I’m not disagreeing on this but I like the marks on the KU. Almost like a fingerprint. Very handy to track the history of ownership based on the marking vs what people had posted online. 

I have seen people claim to own knives that they don’t actually own. Based on the markings, it’s physically in front of me


----------



## Corradobrit1 (Jan 25, 2021)

ynot1985 said:


> I have seen people claim to own knives that they don’t actually own. Based on the markings, it’s physically in front of me


Such odd behavior


----------



## danemonji (Jan 25, 2021)

Corradobrit1 said:


> My bad it was @danemonji
> 
> 
> 
> ...


Yes and still believe this. I like Kato's Ku more than his migaki. It's about its geometry its ease of maitenance and character. The markings on the KU show the hammer blows the marks of the maker in the fabric of the knife. I also like the contrast from the black ku to the soft polished steel, the way the kanji are more texturized.
Plus they are excellent cutters with great edge retention.


----------



## Iggy (Jan 25, 2021)

danemonji said:


> ...
> Plus they are excellent cutters with great edge retention.

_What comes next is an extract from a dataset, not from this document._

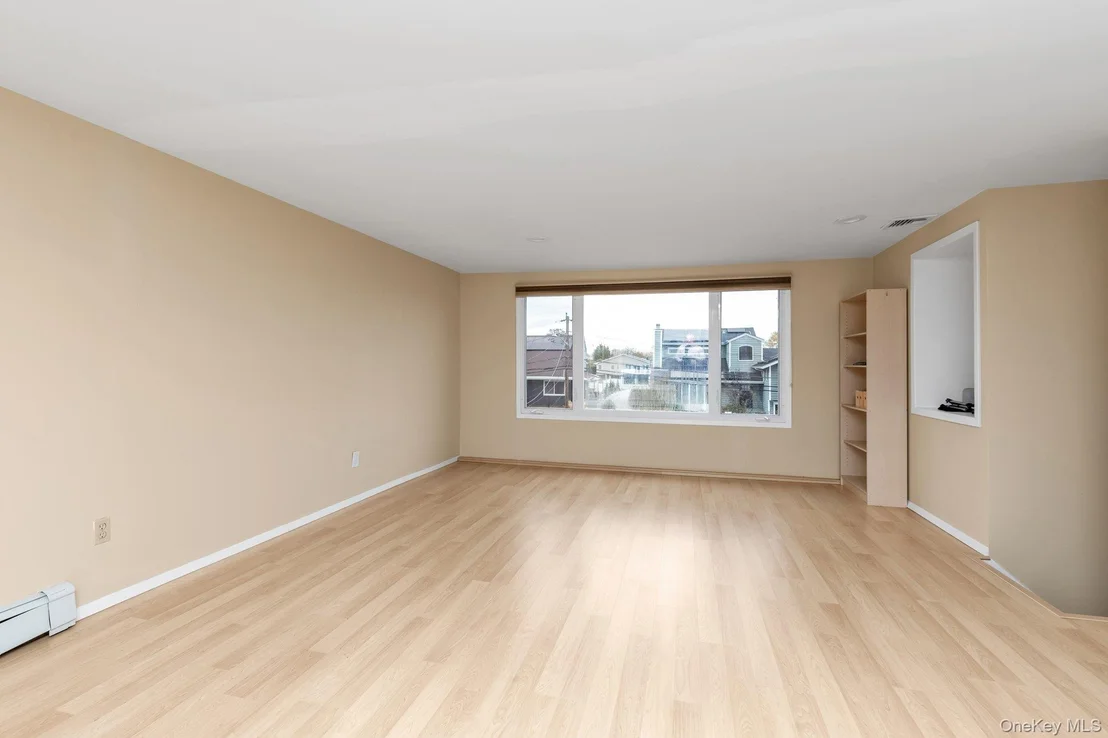 Photo of 2884 Bay Drive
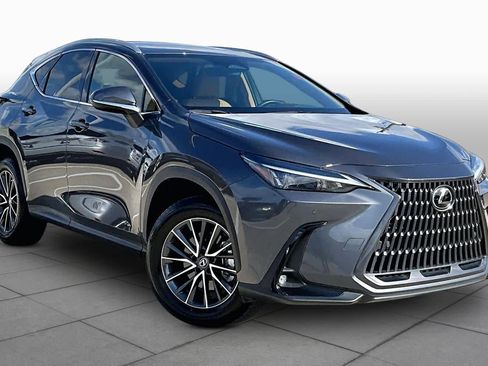 Used 2025 Lexus NX 250 FWD w/ Towing Package (2000 Lbs) image 3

I understand the appeal and aesthetics of the KU but at least or the KU Workhorse Nakiri your statement is really just wrong.

Edge retention not good...
Edge stability not good...
Cutting performance really a big step downwards from the STD and WH Migaki...

Maybe the KU (not WH) Gyuto are very different...


----------



## danemonji (Jan 25, 2021)

Iggy said:


> I understand the appeal and aesthetics of the KU but at least or the KU Workhorse Nakiri your statement is really just wrong.
> 
> Edge retention not good...
> Edge stability not good...
> ...


I have the standard and Morihei versions from last year both in blue 2. Same goes for some of his standard nakiri which are bough from Ginza Kikuhide which are also blue2. To be honest not sure what went in the early versions of katos from the wh line, but current knifes are great from my point of view.


----------



## Iggy (Jan 25, 2021)

I mean look at this choil... Kato WH Kurouchi Nakiri 180, bough 2016







I know choil shots doesn't tell the whole story but here it was accurate...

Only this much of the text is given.